→ DIRECTIONS FOR THIS TASK
Give back exactly the lines from the one that includes "Crisis Deepens In" to the last line below, both included, and no further lines.

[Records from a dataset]
· · · · · · ·
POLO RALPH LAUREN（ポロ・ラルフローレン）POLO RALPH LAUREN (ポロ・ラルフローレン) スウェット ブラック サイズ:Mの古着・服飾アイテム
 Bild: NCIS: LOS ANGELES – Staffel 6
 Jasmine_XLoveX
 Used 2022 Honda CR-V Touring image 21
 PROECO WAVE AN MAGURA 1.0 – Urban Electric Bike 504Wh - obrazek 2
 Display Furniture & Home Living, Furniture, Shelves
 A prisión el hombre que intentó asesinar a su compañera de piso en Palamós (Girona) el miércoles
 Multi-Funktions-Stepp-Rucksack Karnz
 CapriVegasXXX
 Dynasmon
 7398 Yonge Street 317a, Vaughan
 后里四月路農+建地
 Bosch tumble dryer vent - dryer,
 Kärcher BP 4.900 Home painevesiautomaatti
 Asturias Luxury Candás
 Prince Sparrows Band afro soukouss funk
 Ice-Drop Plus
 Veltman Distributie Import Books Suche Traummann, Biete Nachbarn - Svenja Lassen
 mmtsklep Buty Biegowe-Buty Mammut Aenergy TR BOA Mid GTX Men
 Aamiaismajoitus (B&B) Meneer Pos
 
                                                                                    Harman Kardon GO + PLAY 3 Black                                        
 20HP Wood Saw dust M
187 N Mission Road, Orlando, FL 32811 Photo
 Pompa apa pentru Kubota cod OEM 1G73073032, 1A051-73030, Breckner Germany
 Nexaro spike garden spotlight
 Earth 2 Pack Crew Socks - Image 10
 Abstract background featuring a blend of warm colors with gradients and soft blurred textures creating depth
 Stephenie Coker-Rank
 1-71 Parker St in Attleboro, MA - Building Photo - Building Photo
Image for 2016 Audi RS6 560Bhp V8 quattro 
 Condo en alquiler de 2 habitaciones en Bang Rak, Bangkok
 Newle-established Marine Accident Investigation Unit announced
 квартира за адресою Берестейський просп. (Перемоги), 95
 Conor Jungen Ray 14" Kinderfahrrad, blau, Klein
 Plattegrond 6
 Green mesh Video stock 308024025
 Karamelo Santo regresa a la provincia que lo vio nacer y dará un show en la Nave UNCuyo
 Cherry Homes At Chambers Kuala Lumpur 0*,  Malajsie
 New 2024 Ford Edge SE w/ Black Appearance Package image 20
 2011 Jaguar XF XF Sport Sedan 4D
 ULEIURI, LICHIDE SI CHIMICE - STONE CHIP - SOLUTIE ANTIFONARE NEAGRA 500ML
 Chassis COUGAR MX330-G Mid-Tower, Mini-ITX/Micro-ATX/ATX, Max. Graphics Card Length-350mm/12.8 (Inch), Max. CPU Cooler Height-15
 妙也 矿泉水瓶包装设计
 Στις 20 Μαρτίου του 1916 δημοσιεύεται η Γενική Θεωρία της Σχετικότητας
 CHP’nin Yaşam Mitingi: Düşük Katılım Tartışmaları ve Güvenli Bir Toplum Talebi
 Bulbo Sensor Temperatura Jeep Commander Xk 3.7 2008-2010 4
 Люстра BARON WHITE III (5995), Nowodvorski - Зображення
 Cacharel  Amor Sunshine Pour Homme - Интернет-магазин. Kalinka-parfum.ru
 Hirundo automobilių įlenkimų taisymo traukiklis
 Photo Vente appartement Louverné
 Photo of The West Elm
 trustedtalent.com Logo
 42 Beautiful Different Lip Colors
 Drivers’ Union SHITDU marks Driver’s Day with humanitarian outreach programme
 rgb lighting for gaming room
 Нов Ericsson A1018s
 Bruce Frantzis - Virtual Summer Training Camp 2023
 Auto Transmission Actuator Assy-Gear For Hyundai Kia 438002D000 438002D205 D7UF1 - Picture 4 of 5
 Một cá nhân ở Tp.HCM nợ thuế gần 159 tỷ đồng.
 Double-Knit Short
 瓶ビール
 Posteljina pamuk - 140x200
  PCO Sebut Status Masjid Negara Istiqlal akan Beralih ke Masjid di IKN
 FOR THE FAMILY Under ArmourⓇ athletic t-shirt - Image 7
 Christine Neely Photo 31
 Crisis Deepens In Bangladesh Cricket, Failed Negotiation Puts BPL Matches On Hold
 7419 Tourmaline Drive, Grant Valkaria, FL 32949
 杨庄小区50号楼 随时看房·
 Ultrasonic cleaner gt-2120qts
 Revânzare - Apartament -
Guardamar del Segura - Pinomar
· · · · · · ·
→ ANSWER AREA
 Crisis Deepens In Bangladesh Cricket, Failed Negotiation Puts BPL Matches On Hold
 7419 Tourmaline Drive, Grant Valkaria, FL 32949
 杨庄小区50号楼 随时看房·
 Ultrasonic cleaner gt-2120qts
 Revânzare - Apartament -
Guardamar del Segura - Pinomar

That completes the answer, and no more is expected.